RSA decryption with some additional condition

I’m to find the message in RSA with an additional condition. Suppose $M$ is the message and $n$ is the large prime used here. What I know is $n,e,c$ where $c \equiv M^e \pmod n$.

If I know that there is some integer $s$ such that $M^s \equiv 1 \pmod n$, can I do the decryption?

Note that I don’t know the factorization $n=pq$ or $\phi(n)$.

For example, if I know $M^{12345} \equiv 1 \pmod n$, can I find the message $m$ without factoring $n$?

I have tried to use the original decryption (finding $d$ first), but I found it seems to be impossible.
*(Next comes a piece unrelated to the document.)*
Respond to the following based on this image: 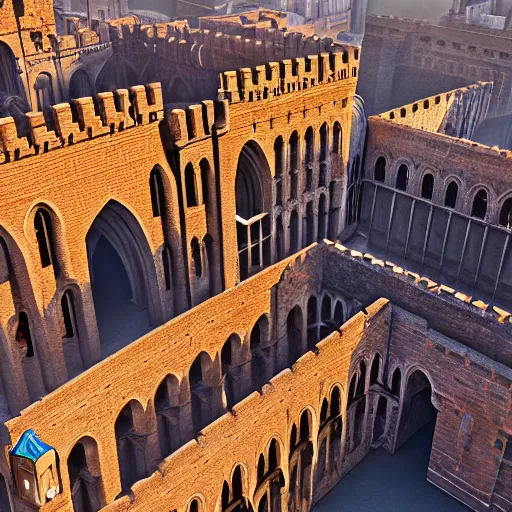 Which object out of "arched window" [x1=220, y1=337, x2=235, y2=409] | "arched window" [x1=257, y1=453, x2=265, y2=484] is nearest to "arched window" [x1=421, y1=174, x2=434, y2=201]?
"arched window" [x1=220, y1=337, x2=235, y2=409]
Yes, if you can somehow manage to get hold of a non-zero integer $\ s\ $ such that $\ M^s\equiv1$$\pmod{n}\ $, then you can recover $\ M\ $ from $\ n, e, c\ $ and $\ s\ $. A procedure for doing so is:

• let $\ v\ $ be the smallest positive integer such that $\ \gcd\big(e^v,s\big)=\gcd\big(e^{v+1},s\big)\ $,$\ h=\gcd\big(e^v,s\big)\ $, and $\ \sigma=\frac{s}{h}\ $. Then $\ \gcd\big(\sigma,e\big)=1\ $, and $\ M^\sigma\equiv1$$\pmod{n}\ .^\text{see proofs below}$
• If $\ \sigma=1\ $, then $\ M=M^\sigma\equiv1\pmod{n}\ $, so $\ M=1\ $ in this case.
• If $\ \sigma\ne1\ $, use the extended Euclidean algorithm to find integers $\ a\ $ and $\ b\ $ such that $\ ae+b\sigma=1\ $, then compute $\ c^a\pmod{n}\ $. Since $\ c\equiv M^e\pmod{n}\ $, we have \begin{align} c^a&\equiv M^{ea}\pmod{n}\\ &\equiv M^{1-b\sigma}\pmod{n}\\ &\equiv M\big(M^\sigma\big)^{-b}\pmod{n}\\ &\equiv M\pmod{n}\ . \end{align}

Proof that $\ \gcd(e,\sigma)=1\ $

Let $\ w=\gcd(e,\sigma)\ $ and $\ e^v=h\mu\ $. Then $\ e^{v+1}=eh\mu\ $, so $\ wh|e^{v+1}\ $, and $\ s=\sigma h\ $, so $\ wh|s\ $. Therefore $\ wh|\gcd\big(e^{v+1},s\big)\ $. But $\ h=\gcd\big(e^{v+1},s\big)\ $ by definition of $\ v\ $. Therefore $\ w=1\ $.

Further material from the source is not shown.